Neil Brown wrote:
On Friday April 13, chris@xxxxxxx wrote:
Dear All,
I have an 8-drive raid-5 array running under 2.6.11. This morning it
bombed out, and when I brought
it up again, two drives had incorrect event counts:
sda1: 0.8258715
sdb1: 0.8258715
sdc1: 0.8258715
sdd1: 0.8258715
sde1: 0.8258715
sdf1: 0.8258715
sdg1: 0.8258708
sdh1: 0.8258716
sdg1 is out of date (expected), but sdh1 has received an extra event.

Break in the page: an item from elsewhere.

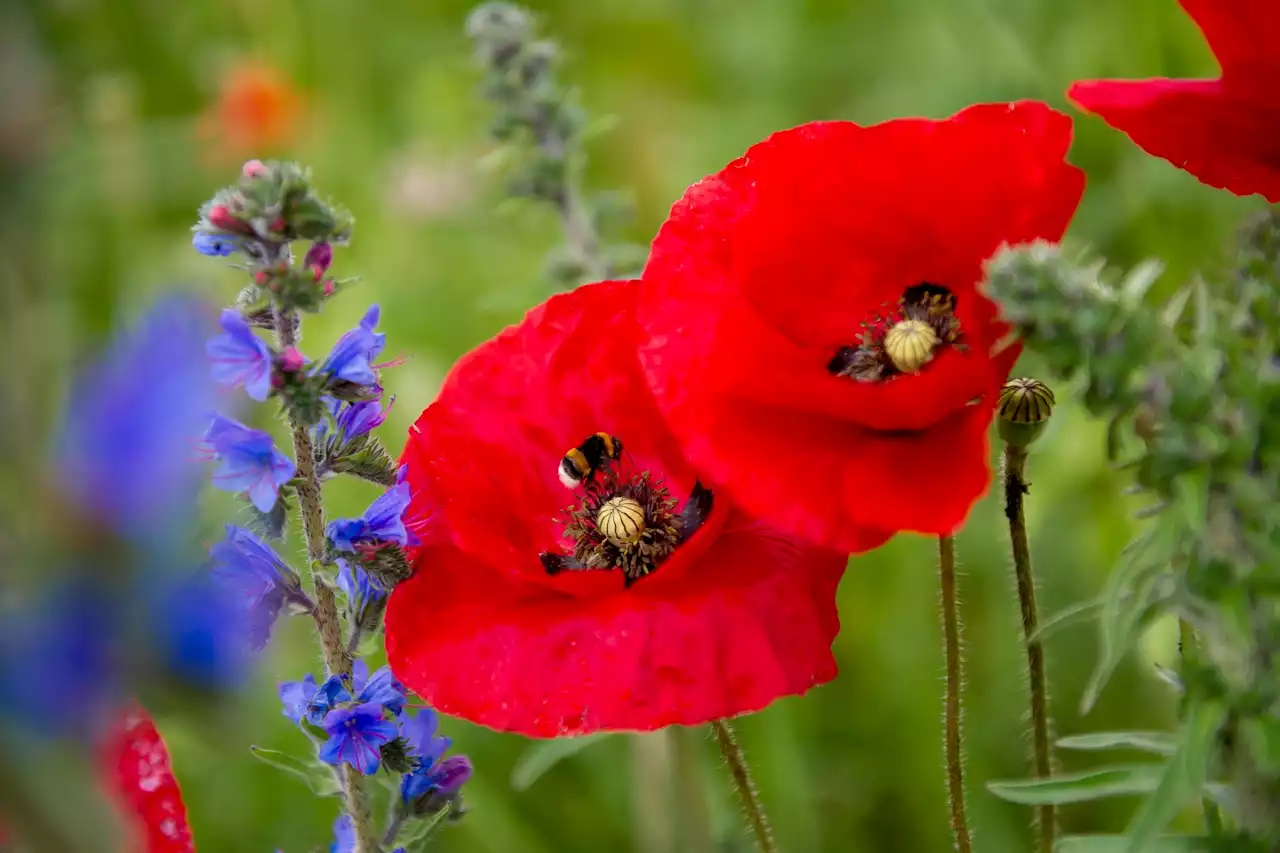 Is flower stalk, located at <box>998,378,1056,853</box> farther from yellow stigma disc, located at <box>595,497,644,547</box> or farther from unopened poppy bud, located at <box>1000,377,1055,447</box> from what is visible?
yellow stigma disc, located at <box>595,497,644,547</box>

Any attempt to restart with mdadm --assemble --force, results in an an
un-startable array with an event count of 0.8258715.
Can anybody advise on the correct command to use to get it started again?
I'm assuming I'll need to use mdadm --create --assume-clean - but I'm
not sure
which drives should be included/excluded when I do this.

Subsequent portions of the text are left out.